Si j’étais Canadien — je veux dire de coeur —, j’en serais ravi. D’autant qu’Andrew Coyne, du Globe and Mail, a signalé que, selon les prévisions démographiques de l’ONU, un Canada de 100 millions d’habitants en 2100 équivaudrait à la population de la Russie et au quart de la population des États-Unis (plutôt que le neuvième). Il dépasserait aussi le Japon (74 millions), le Royaume-Uni (70 millions), l’Allemagne (69 millions), la France (61 millions) et l’Italie (37 millions). Le Canada serait le second pays du G7 en nombre d’habitants et, pourquoi pas, le deuxième en matière de puissance et d’influence. Cela, écrit Coyne, « a le potentiel d’être complètement transformationnel ». Les Canadiens talentueux et ambitieux, ajoute-t-il, « n’auraient plus à quitter le Canada à la recherche de la gloire : la gloire serait ici. Notre pays serait le genre d’endroit où viennent les meilleurs et les plus brillants plutôt que le lieu d’où ils viennent ».

Franchement, ça fait rêver. En anglais, évidemment. Car il est maintenant acquis que, malgré les assurances données par Trudeau aux Américains en 1977, la submersion des francophones s’est poursuivie, à l’ouest du Québec, à un rythme de 50 % d’assimilation par génération (10 % en Acadie). Il est acquis aussi que, même avec ce que Coyne décrit comme « 50 ans d’insanités linguistiques » au Québec, le français y est toujours en eaux troubles, la marée anglo-américaine ne descendant jamais.

Si on devait mettre à l’eau une « Initiative du siècle » québécoise, sa boussole ne viserait pas les grands nombres, mais la grande originalité. Pas une île francophone isolée en Amérique, mais un grand port battant le pavillon de la langue française et ouvert aux échanges. À ceux et celles qui prétendent que nos métaphores océaniques sont exagérées, font trop de vagues et éclaboussent des matelots qui n’y sont pour rien, à ceux et celles dont nos cris maritimes atteignent la fenêtre et arrachent l’oreille, je réponds que notre navire ne peut simplement pas accueillir tous les marins du monde. Nous devons choisir avec sagesse ceux qui peuvent le mieux s’amarrer à nos quais.

La diversité est un trésor à explorer et chaque navire qui accoste nos rivages apporte de nouvelles richesses, mais la sage régulation du flot de l’immigration est une indispensable bouée de sauvetage.

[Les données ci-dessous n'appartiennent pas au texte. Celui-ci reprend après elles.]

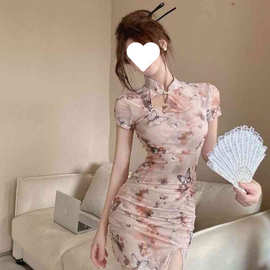 2025新款复古国风短袖收腰印花收腰包臀旗袍裙连衣裙修身新中式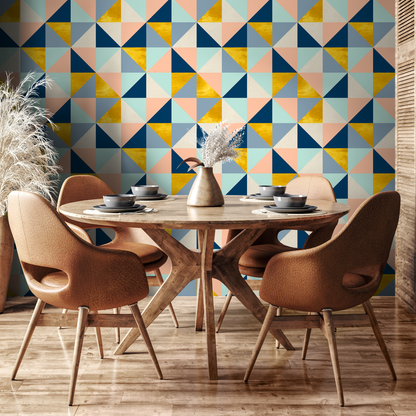 Removable Wallpaper Peel and Stick Wallpaper Wall Paper Wall Mural - Geometric Triangles Wallpaper - A510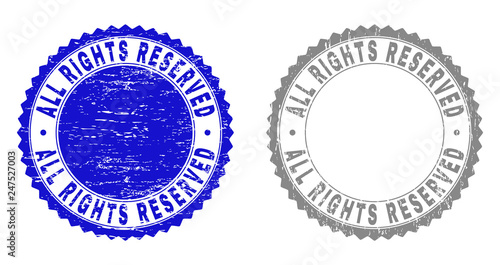 ALL RIGHTS RESERVED stamp seals with grunge texture in blue and gray colors isolated on white background. Vector rubber overlay of ALL RIGHTS RESERVED title inside round rosette.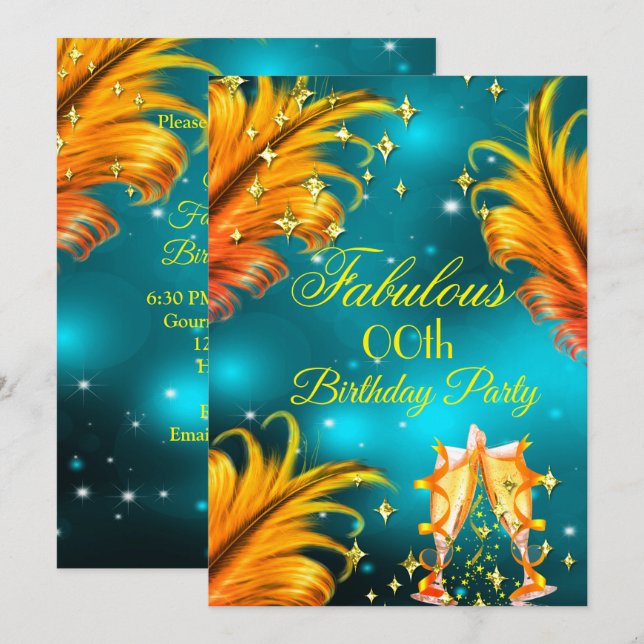 Invitation Fabuleux anniversaire turquoise Gold Jaune Champag (Devant / Derrière)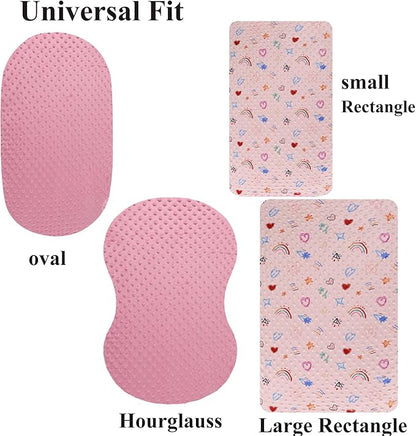 Dot Bassinet Sheet Set 2 Pack Stretch Fitted Cradle Sheets,Ultra Soft,Universal Fit Oval Rectangle Hourglass Pad/Mattress, for Baby Girls and Boys Pink, Love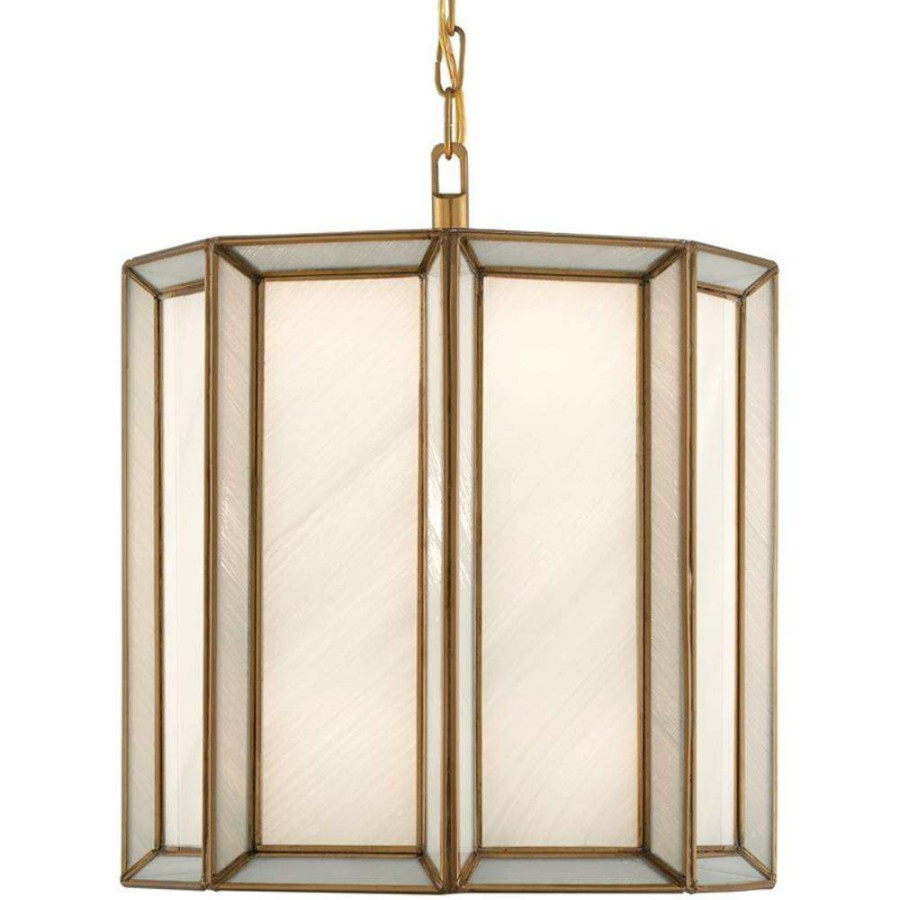 Lighting * | Farrah Hollywood Regency White Glass Antique Brass Pendant Discount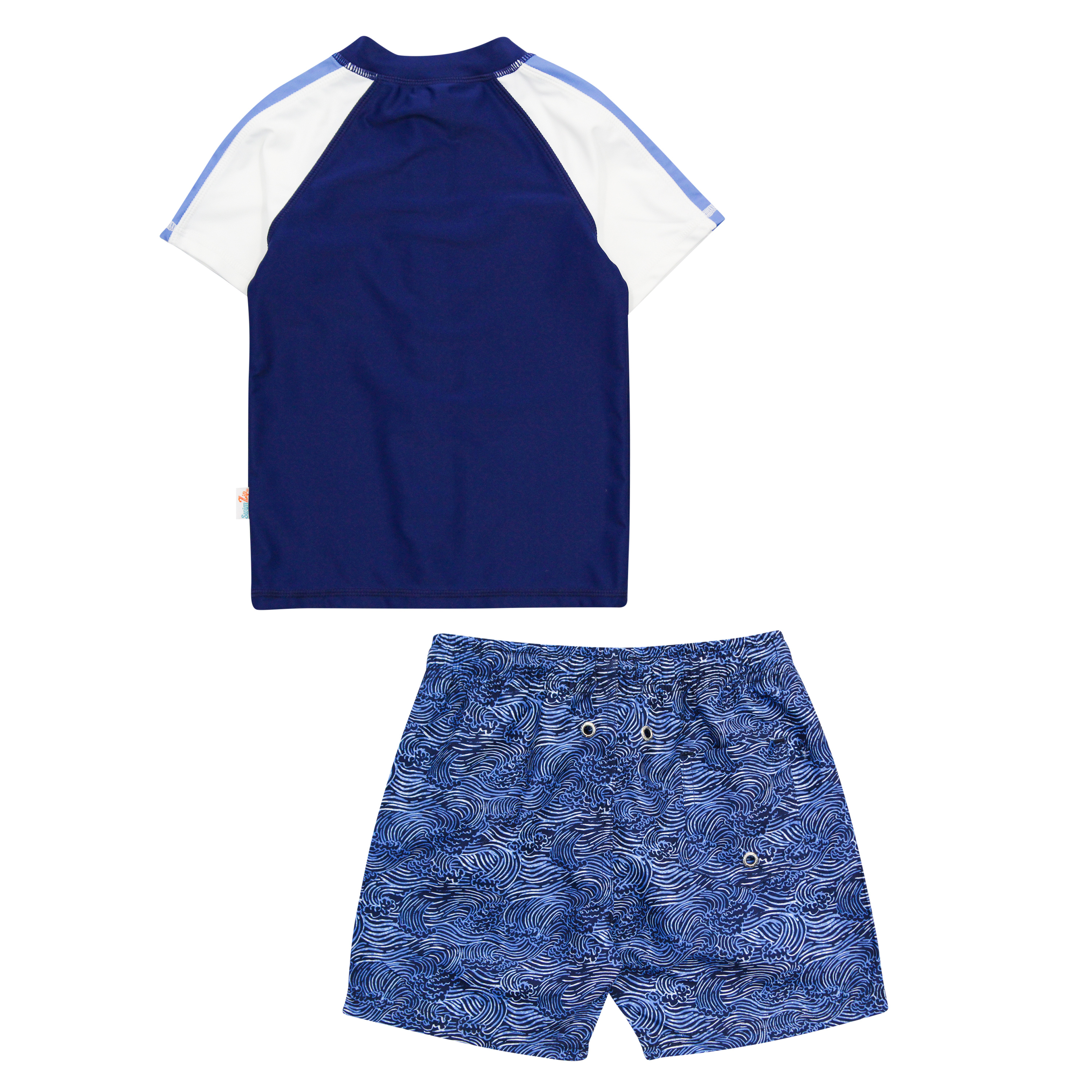 Boys Short Sleeve Zipper Rash Guard and Swim Trunk Set | "Ocean Breeze"-SwimZip UPF 50+ Sun Protective Swimwear & UV Zipper Rash Guards-pos9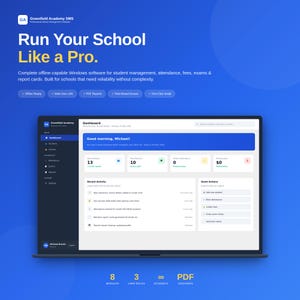 Könnte beinhalten: Ein Laptop-Bildschirm zeigt eine Benutzeroberfläche für Schulverwaltungssoftware. Die Software "Greenfield Academy SMS" zeigt ein Dashboard mit Schüler- und Mitarbeiterzahlen, aktuellen Aktivitäten und Schnellaktionen. Der Text "Run Your School Like a Pro" ist zu sehen.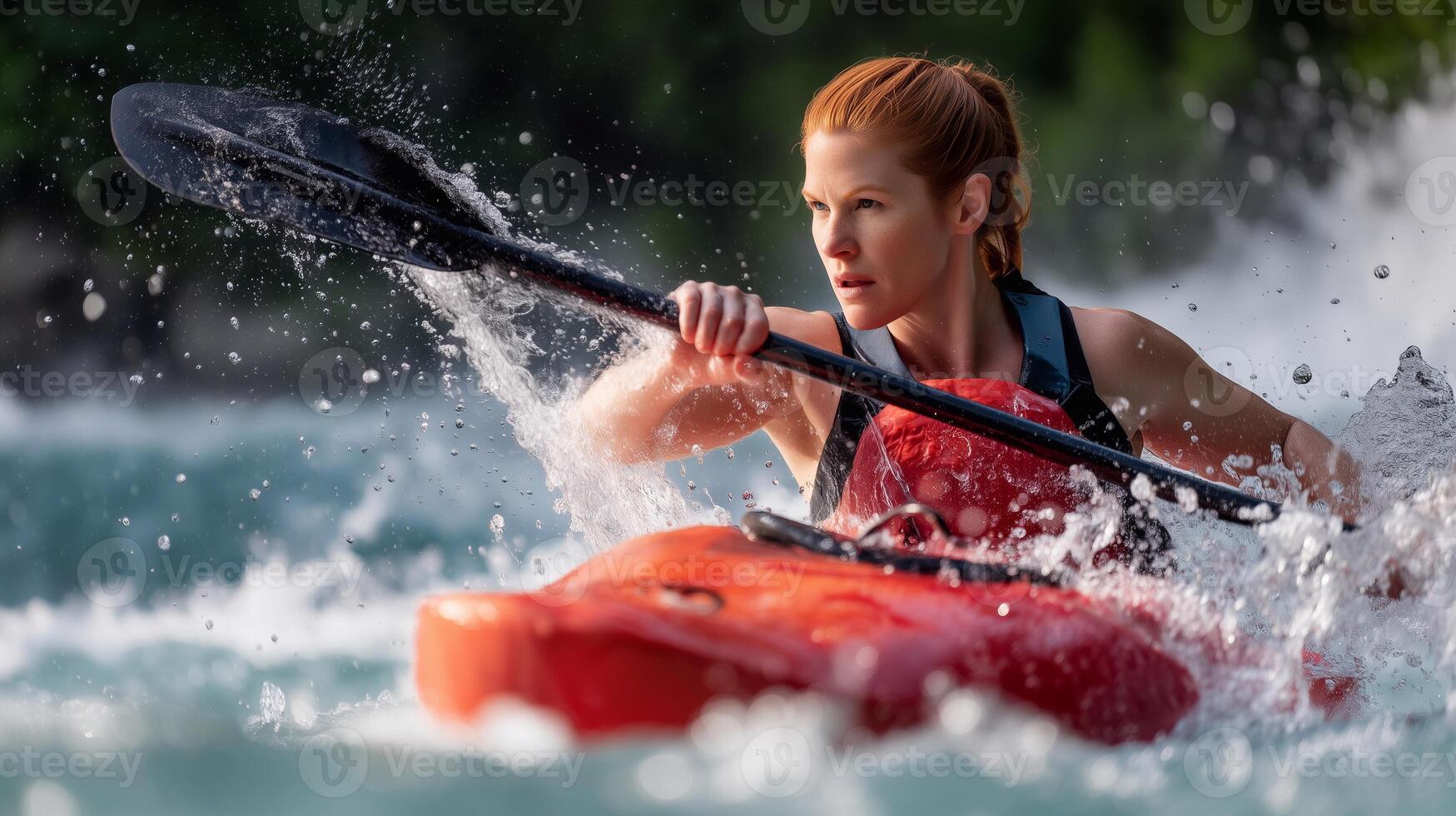 Focused freckled red-haired woman kayaking through wild river, splashing water, adventure sport, strength, determination, outdoor action, extreme challenge, summer nature, adrenaline rush. photo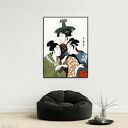 Plakat „Azjatyckie Trio” A3 29.7x42 cm - biel i czerń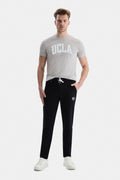 UCLA Pantaloni de trening cu elastic si snur in talie, fara manseta si logo discret, Negru, CONNOR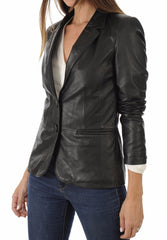 Women Genuine Leather Blazer Coat WB 34 SkinOutfit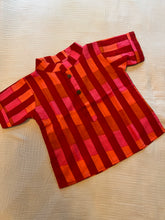 Load image into Gallery viewer, Red Checks Cotton Kurta Shirt with Dark Blue Denim Pants for Boys | Klingaru

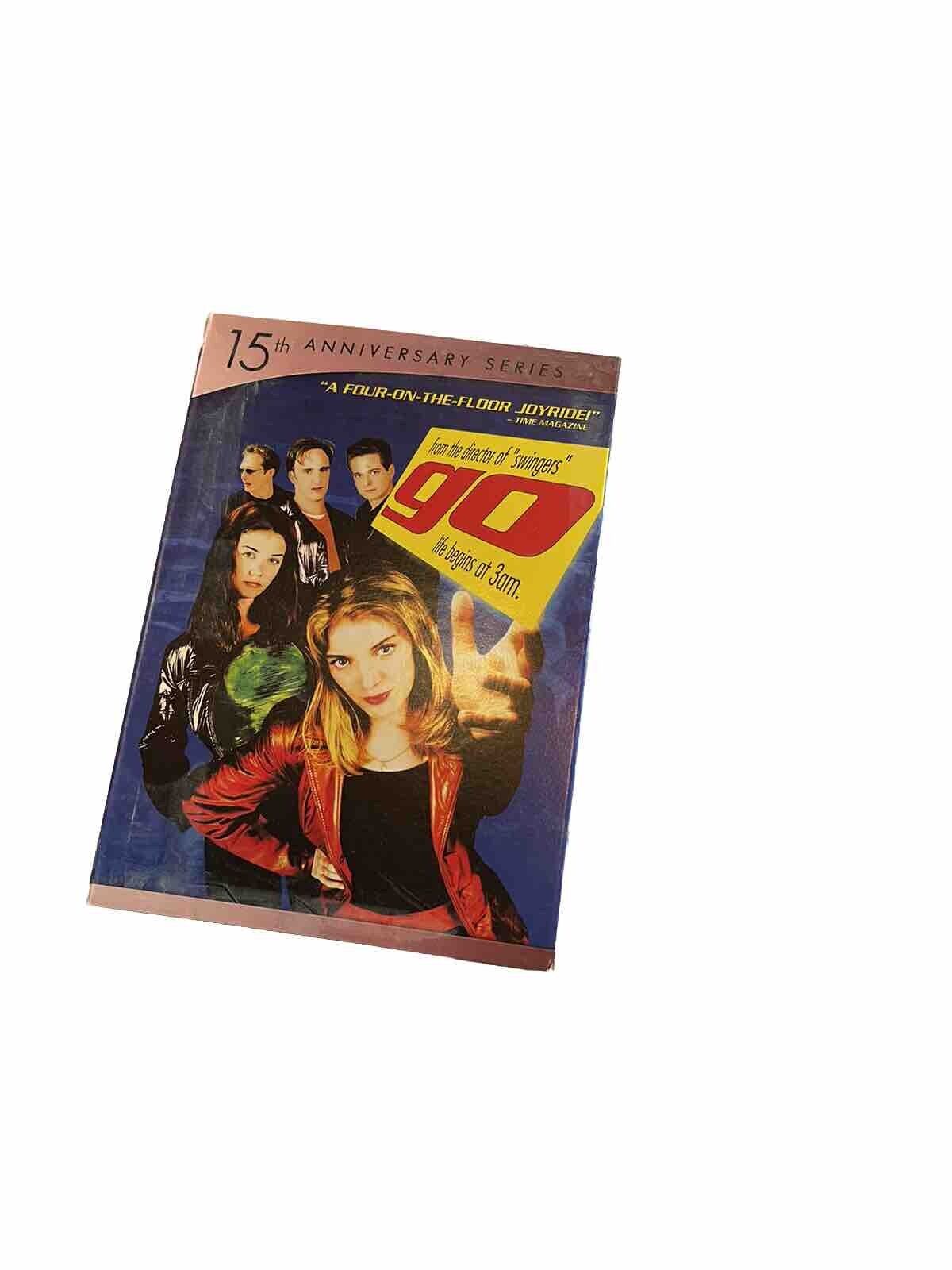 Go! 15th Anniversary DVD cover featuring cast members in 90s style posing with title and anniversary label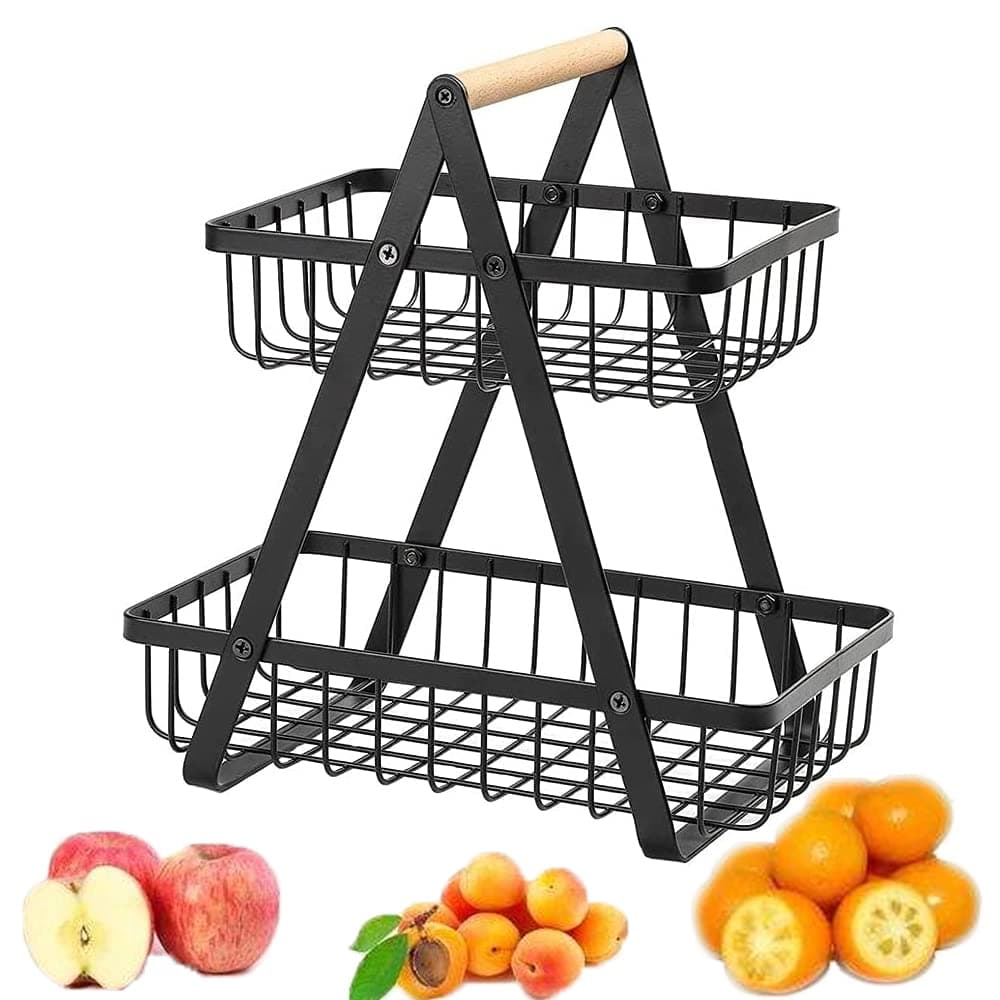 SDFF Cake Stand Fruit 2 Tier Fruit Stand 2 Animal Fruit Cake Stand Wooden Fruit Basket 2 Tier Fruit Basket Rack Fruit Bowl Can Also Be Used Individually for Storage Fruit & Vegetables (Black)
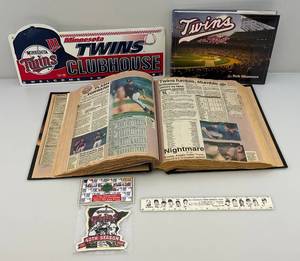 Vintage MINNESOTA TWINS Items Including Patch, Scrapbook & More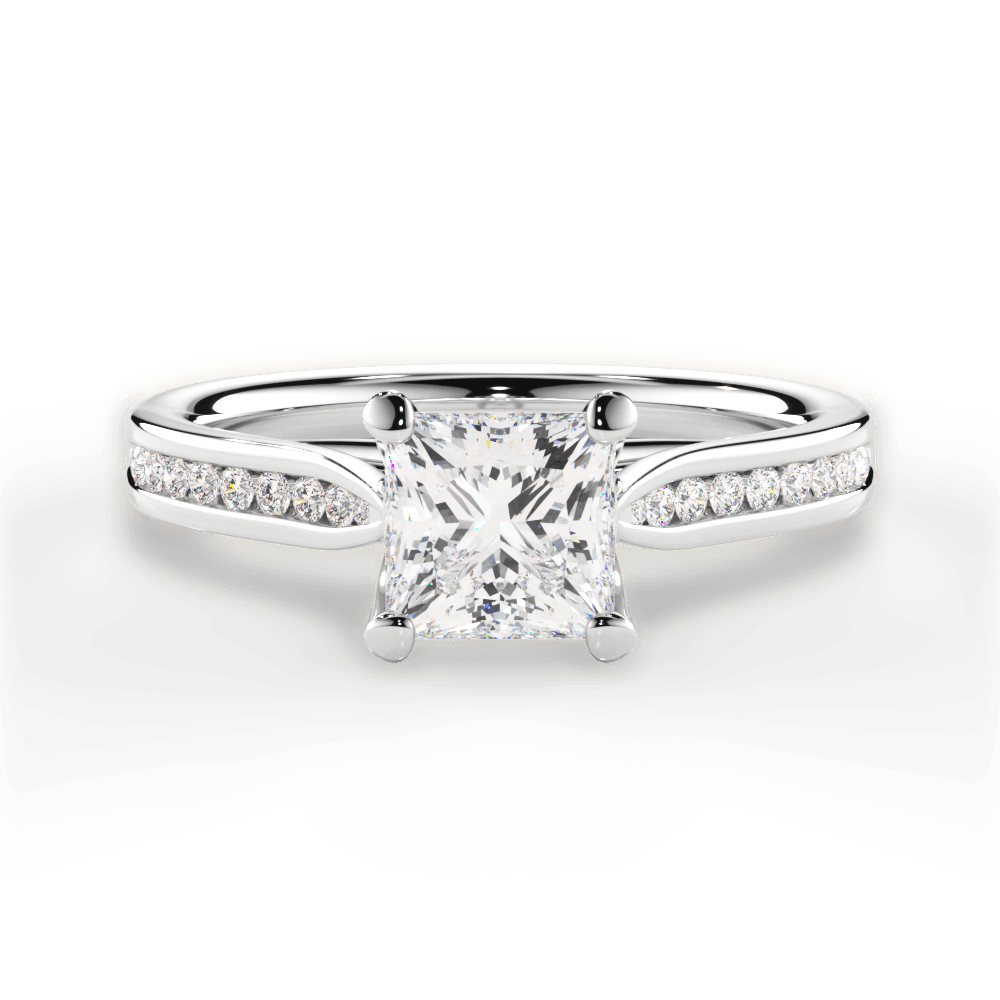 Elena Princess Cut Lab Grown Diamond 14Kt White Gold Engagement Ring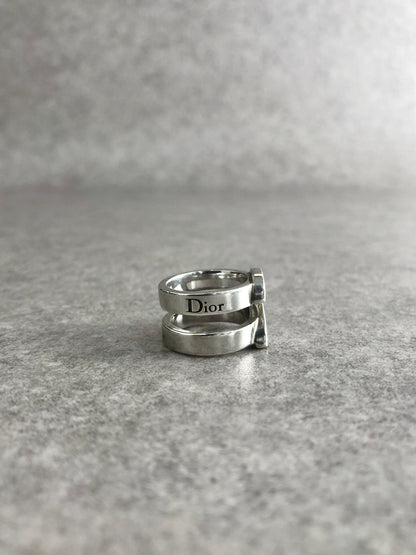 Christian Dior Logo Ring Silver Vintage tep2tx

(Ce texte a d’abord été publié dans Le Devoir.)

2 avis sur « Tous nos cris maritimes »

  1. On peut remonter plus loin. Je crois avoir lu que les Bureaucrates de l’époque des Patriotes, les Sewell, Moffat, Richardson, Ryland, et al., parlaient de « noyer » les canadiens (c.-à-d. les québécois) avec l’immigration pauvre d’Angleterre. C’est ainsi que de 1800 à 1860, la proportion de francophones au Canada est passée de 95% à moins de 50%… (voir entre autres Filteau).

    Soudainement, la démocratie n’était plus une si mauvaise idée, maintenant que les anglais étaient en majorité…

    Il ne faut jamais oublier ça: dans notre histoire, l’immigration était à la base un outil utilisé par les plus intolérants pour nous détruire.